New Cuttings Transport Models
Larsen et al. developed a model for highly inclined (50 to 90° angle) wellbores. The model predicts the critical velocity as well as the cuttings-bed thickness when the flow rate is below that of the critical flow. Hemphill and Larsen showed that oil-based muds with comparable rheological properties performed about the same. Jalukar et al. modified this model with a scaleup factor to correlate with the data obtained with the 8-in. TUDRP flow loop.
Zamora and Hanson, on the basis of laboratory observations and field experience, compiled 28 rules of thumb to improve high-angle hole cleaning. Luo and Bern presented charts to determine hole-cleaning requirements in deviated wells. These empirical charts were developed on the basis of the data collected with the BP 8-in. flow loop, and they predicted the critical flow rates required for prevention of cuttings-bed accumulation. The predictions have also been compared with some field data.
Ford et al. published a model for the prediction of minimum transport velocity for two modes: cuttings suspension and cuttings rolling. The predictions were compared with laboratory data.
Gavignet and Sobey presented a cuttings transport model based on physical phenomena, similar to that published by Wilson, for slurry flow in pipelines that is known as the double-layer model. The model has many interrelated equations and a substantial number of parameters, a few of which are difficult to determine. Martin et al. developed a numerical correlation based on the cuttings-transport data that they had collected in the laboratory and in the field.
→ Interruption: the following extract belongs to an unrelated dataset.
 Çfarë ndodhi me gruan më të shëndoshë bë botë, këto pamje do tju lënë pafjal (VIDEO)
Clark and Bickham presented a cuttings-transport model based on fluid mechanics relationships, in which they assumed three cuttings-transport modes: settling, lifting, and rolling—each dominant within a certain range of wellbore angles. Predictions of the model were compared with critical and subcritical flow data they had collected with the TUDRP’s 5- and 8-in.flow loops. A prediction of the model was also used to examine several situations in which poor cuttings transport had been responsible for drilling problems.
Campos et al. developed a mechanistic model for predicting the critical velocity as well as the cuttings-bed height for subcritical flow conditions. Their work was based on earlier work by Oraskar and Whitmore for slurry transport in pipes. The model’s predictions are good for thin muds, but the model needs to be further refined to account for thick muds and pipe rotation.
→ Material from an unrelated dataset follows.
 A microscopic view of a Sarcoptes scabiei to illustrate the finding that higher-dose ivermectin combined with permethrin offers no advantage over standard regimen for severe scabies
Kenny et al. defined a lift factor that they used as an indicator of cuttings-transport performance. The lift factor is a combination of the fluid velocity in the lower part of the annulus and the mud-settling velocity determined by Chien’s correlation.
Fig. 3.15 illustrates the basic flow configuration for mechanistic cuttings transport modeling. There are three distinct zones in this model: stationary cuttings bed, moving cuttings zone, and "cuttings free" mud-flow zone.
The cuttings-free mud flow creates a shear force at the interface with the moving cuttings bed, which drags the moving cuttings zone along with it. In the moving cuttings zone, gravity forces tend to make the cuttings fall onto the fixed cuttings bed, while aerodynamic and gel forces tend to keep the cuttings suspended. At the interface between the moving cuttings zone and the stationary cuttings bed, fluid friction is trying to strip off cuttings, which are held by gravity and cohesive forces. The balance of these forces determines whether the cuttings bed increases or decreases in depth. The critical flow rate for cuttings transport leaves the cuttings bed unchanged. For effective hole cleaning, the desired flow rate exceeds the critical flow rate.
When the results of cuttings transport research and field experience are integrated into a drilling program, hole-cleaning problems are avoided, and excellent drilling performance follows. This has certainly been the case when engineers achieved two new world records in extended-reach drilling.
Guild and Hill presented another example of integration of hole-cleaning research into field practice. They reported trouble-free drilling in two extended-reach wells after they lost one well because of poor hole cleaning. Their program was designed to maximize the footage drilled between wiper trips and eliminate hole-cleaning backreaming trips before reaching the casing point. They devised a creative way to avoid significant cuttings accumulation by carefully monitoring the pickup weight, rotating weight, and slackoff weight as drilling continued. They observed that cuttings accumulation in the hole caused the difference between the pickup weight and the slackoff weight to keep increasing, while cleaning the hole decreased the difference. By observing the changes in these parameters and by the use of other readily available information, they were able to closely monitor hole cleaning and control the situation.
Air, Mist, and Foam Drilling
Air and mist drilling have several advantages over conventional drilling fluids. The principle advantages are higher penetration rates, longer bit life, and no lost-circulation problems. The usual disadvantages are control of fluid influx and control of high-pressure zones.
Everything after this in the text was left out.